DATA EXTRACT:
++++++++++

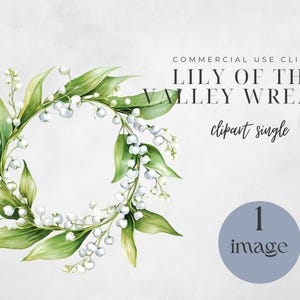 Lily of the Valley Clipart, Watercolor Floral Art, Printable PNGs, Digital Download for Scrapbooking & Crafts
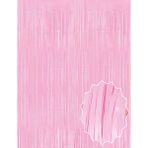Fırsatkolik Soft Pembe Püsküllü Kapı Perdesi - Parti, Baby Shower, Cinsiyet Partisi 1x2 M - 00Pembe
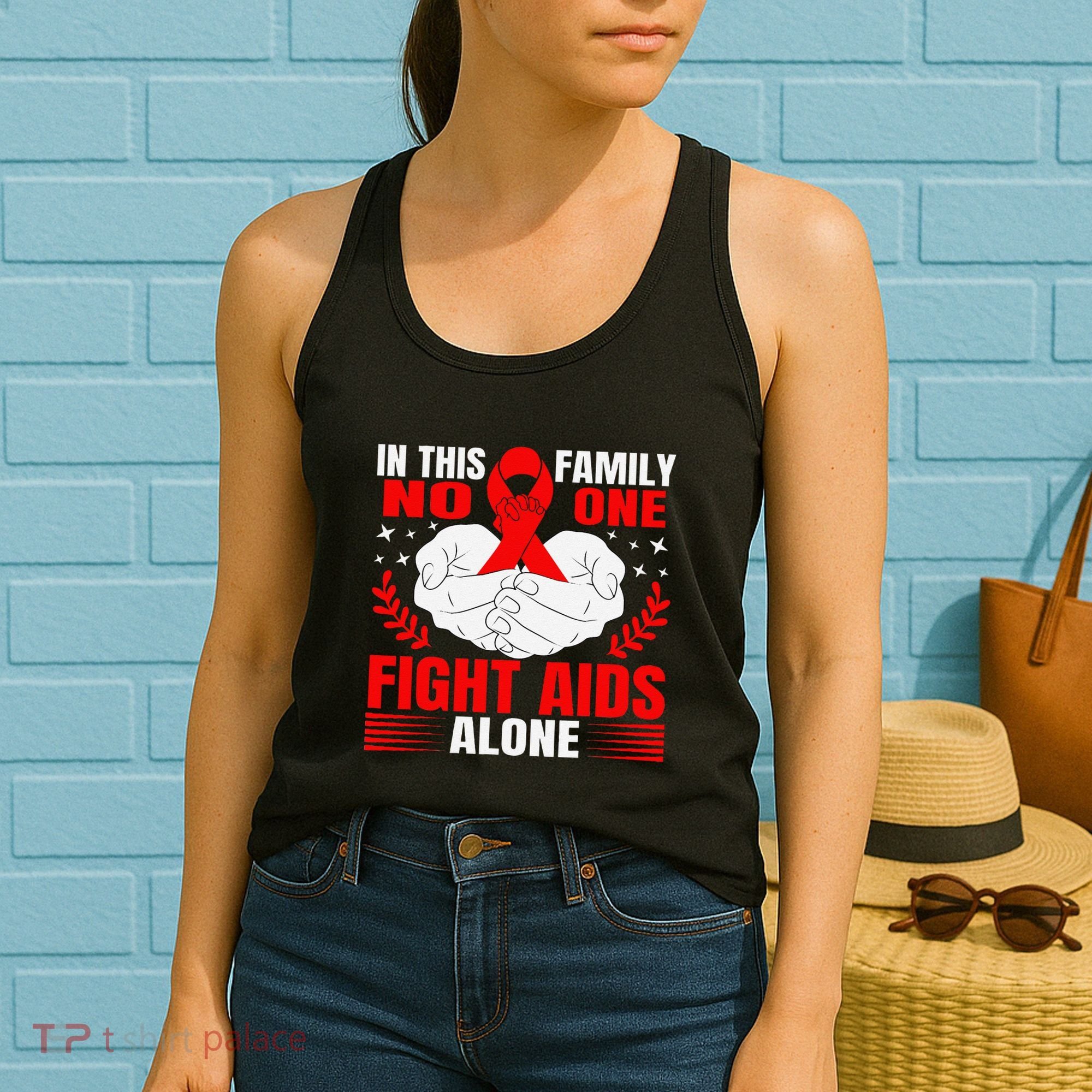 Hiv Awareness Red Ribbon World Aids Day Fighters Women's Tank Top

++++++++++

DIRECTIONS FOR THIS TASK: Exactly the lines from the one containing "Fırsatkolik Soft Pembe" through the last line of the material above, both included and free of pictures, should make up your answer, please.

ANSWER TO THIS EXERCISE:
Fırsatkolik Soft Pembe Püsküllü Kapı Perdesi - Parti, Baby Shower, Cinsiyet Partisi 1x2 M - 00Pembe
 Hiv Awareness Red Ribbon World Aids Day Fighters Women's Tank Top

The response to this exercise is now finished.